• [Records supplied]:
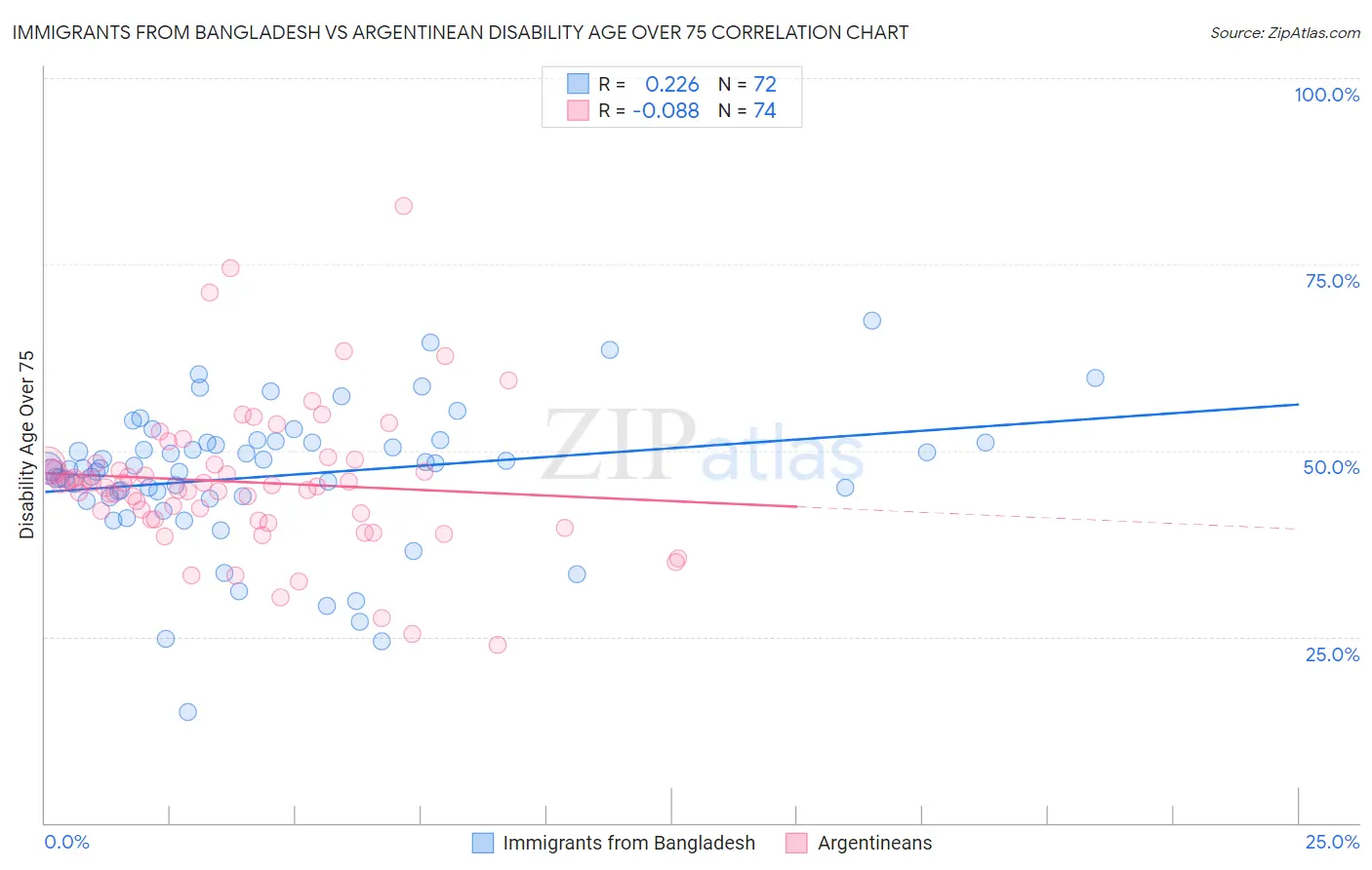 Immigrants from Bangladesh vs Argentinean Disability Age Over 75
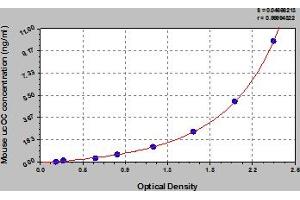 Typical Standard Curve (Undercarboxylated Osteocalcin ELISA Kit)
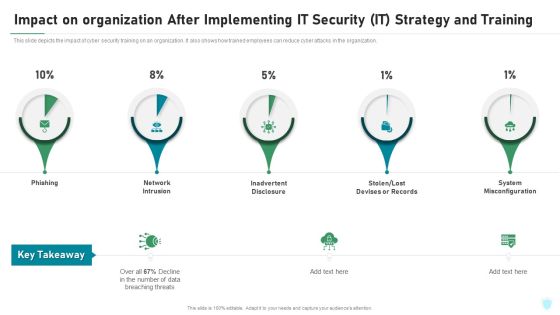 Impact On Organization After Implementing IT Security IT Strategy And Training Ppt File Portrait PDF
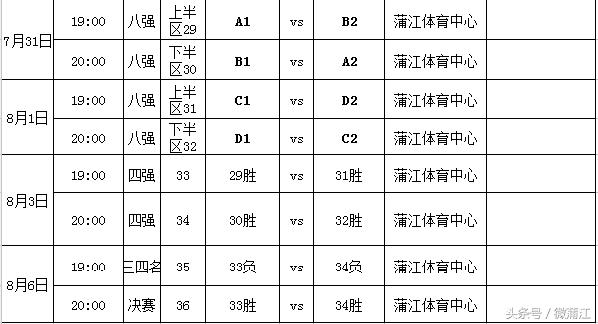 挥洒绿茵场,征战风云榜——蒲江五人制足球联赛开幕啦!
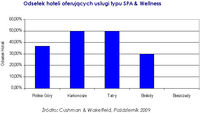 Odsetek hoteli oferujących usługi typu SPA & Wellness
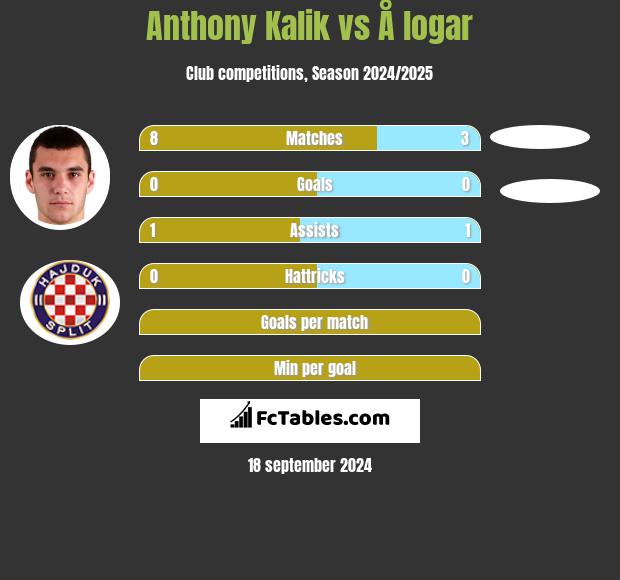 Anthony Kalik vs Å logar h2h player stats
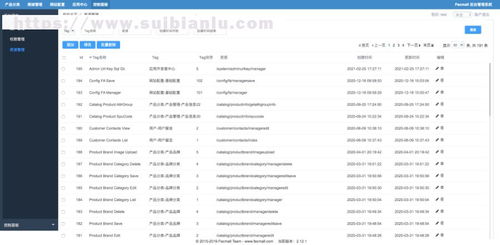 國內(nèi)企業(yè)版b2c商城系統(tǒng), 支持pc和html5 微信小程序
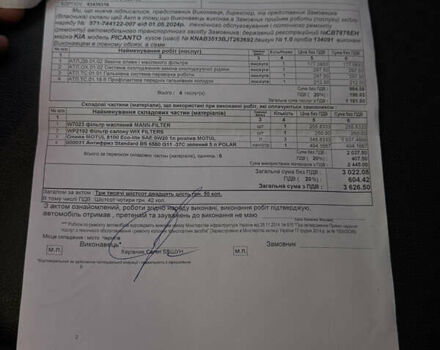 Серый Киа Morning, объемом двигателя 1 л и пробегом 135 тыс. км за 10700 $, фото 83 на Automoto.ua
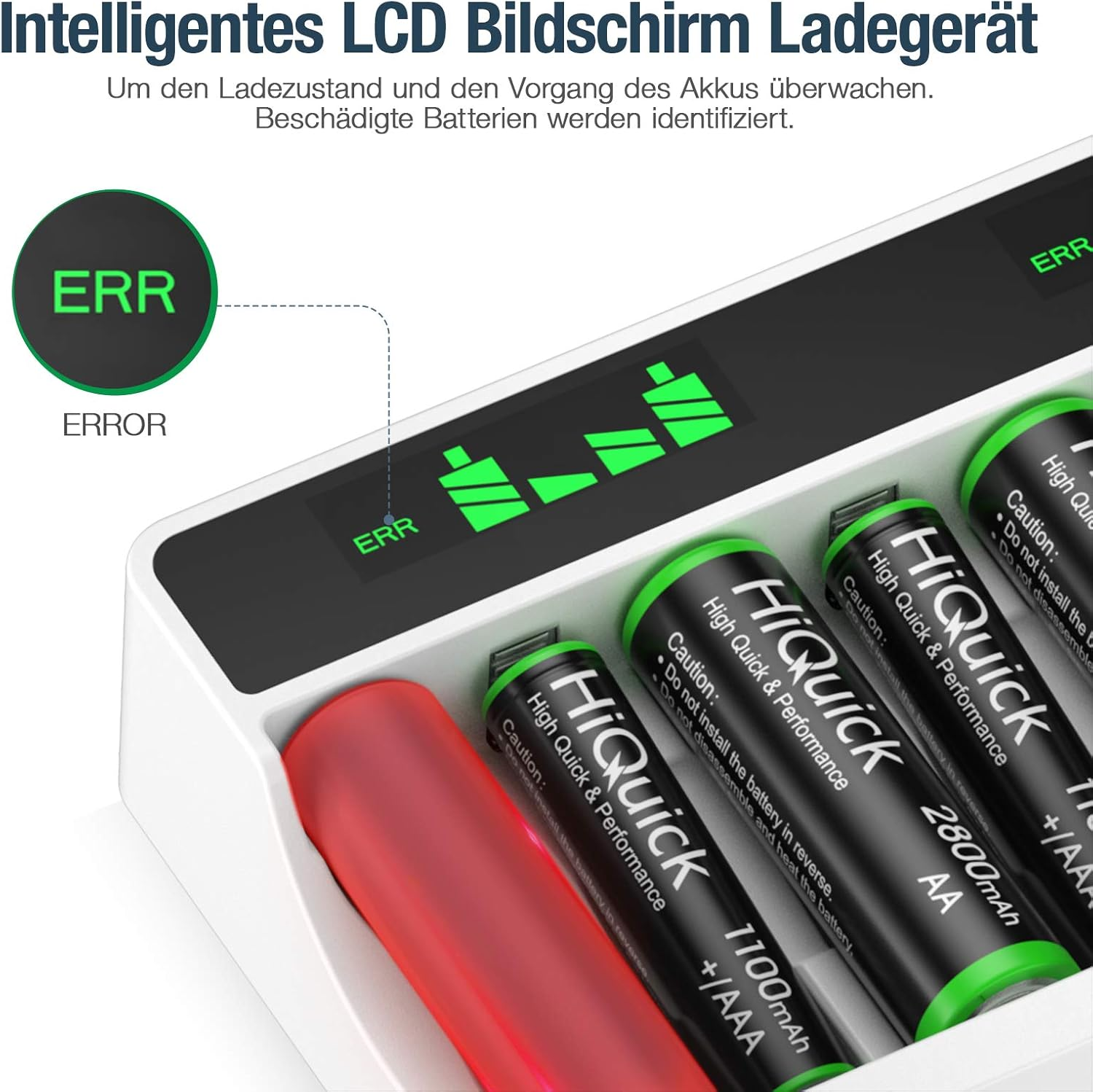 Ein Batterieladegerät mit Batterien und einer Fehleranzeige. Das Ladegerät ist weiß mit schwarzen Akzenten. Batterien sind schwarz mit grün.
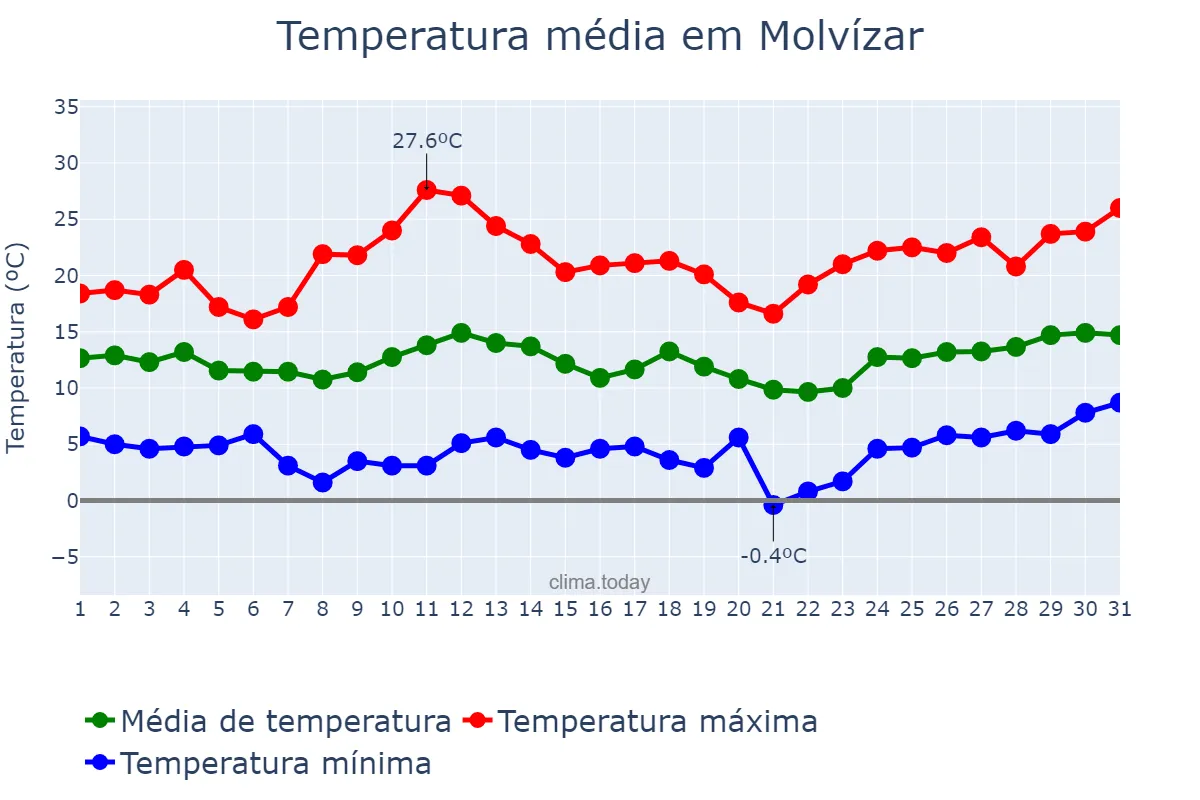Temperatura em marco em Molvízar, Andalusia, ES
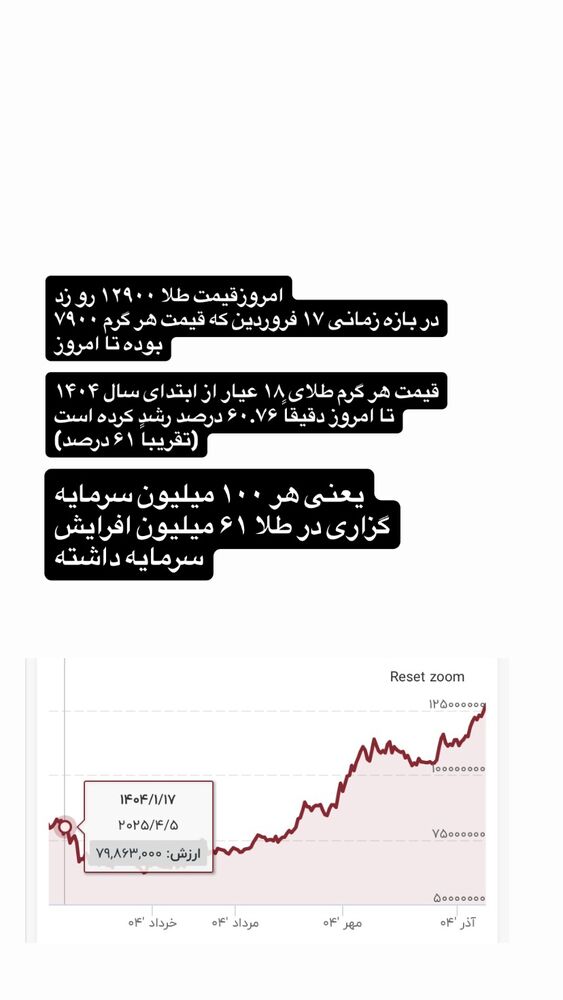  جدید ترین استوری اینستاگرام حميدرضا خونویی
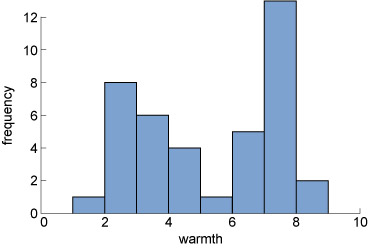 This shows an example histogram of clothing types, a column chart with vertical bars. The x or horizontal axis shows an index of warmth (1-10, no units); the y or vertical axis shows frequency (days). There are 2 peaks to the distribution - one at clothing type 7, and another at clothing type 3.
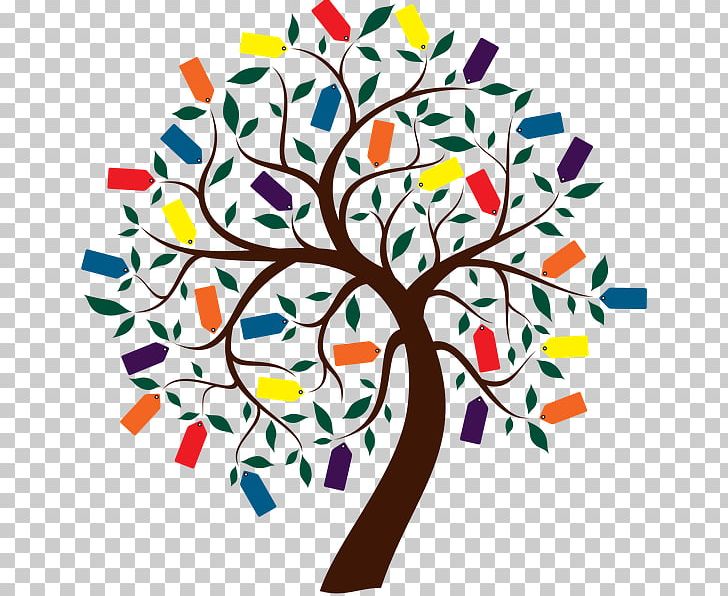 Tree Drawing PNG, Clipart, Art, Artwork, Branch, Drawing, Family Free PNG Download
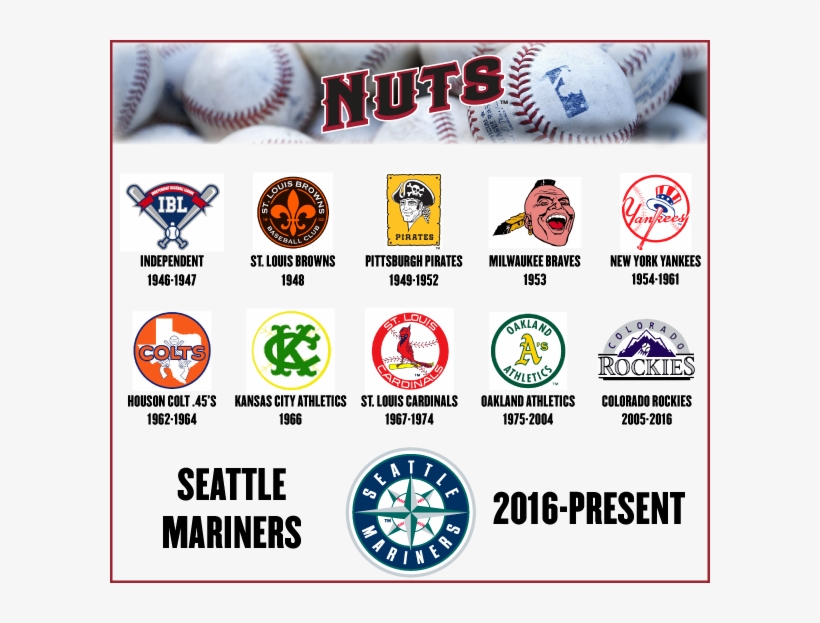 Affiliation History - Seattle Mariners, transparent png #1416490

• [Instructions for the task]: Leave out the pictures, then give all the records again exactly.

• [Task output]:
 Immigrants from Bangladesh vs Argentinean Disability Age Over 75
 Typical Standard Curve (Undercarboxylated Osteocalcin ELISA Kit)
 Impact On Organization After Implementing IT Security IT Strategy And Training Ppt File Portrait PDF
 挥洒绿茵场,征战风云榜——蒲江五人制足球联赛开幕啦!
 Odsetek hoteli oferujących usługi typu SPA & Wellness
 Anthony Kalik vs Å logar h2h player stats
 國內(nèi)企業(yè)版b2c商城系統(tǒng), 支持pc和html5 微信小程序
 Серый Киа Morning, объемом двигателя 1 л и пробегом 135 тыс. км за 10700 $, фото 83 на Automoto.ua
 Ein Batterieladegerät mit Batterien und einer Fehleranzeige. Das Ladegerät ist weiß mit schwarzen Akzenten. Batterien sind schwarz mit grün.
Temperatura em marco em Molvízar, Andalusia, ES
  جدید ترین استوری اینستاگرام حميدرضا خونویی
 This shows an example histogram of clothing types, a column chart with vertical bars. The x or horizontal axis shows an index of warmth (1-10, no units); the y or vertical axis shows frequency (days). There are 2 peaks to the distribution - one at clothing type 7, and another at clothing type 3.
 Tree Drawing PNG, Clipart, Art, Artwork, Branch, Drawing, Family Free PNG Download
 Affiliation History - Seattle Mariners, transparent png #1416490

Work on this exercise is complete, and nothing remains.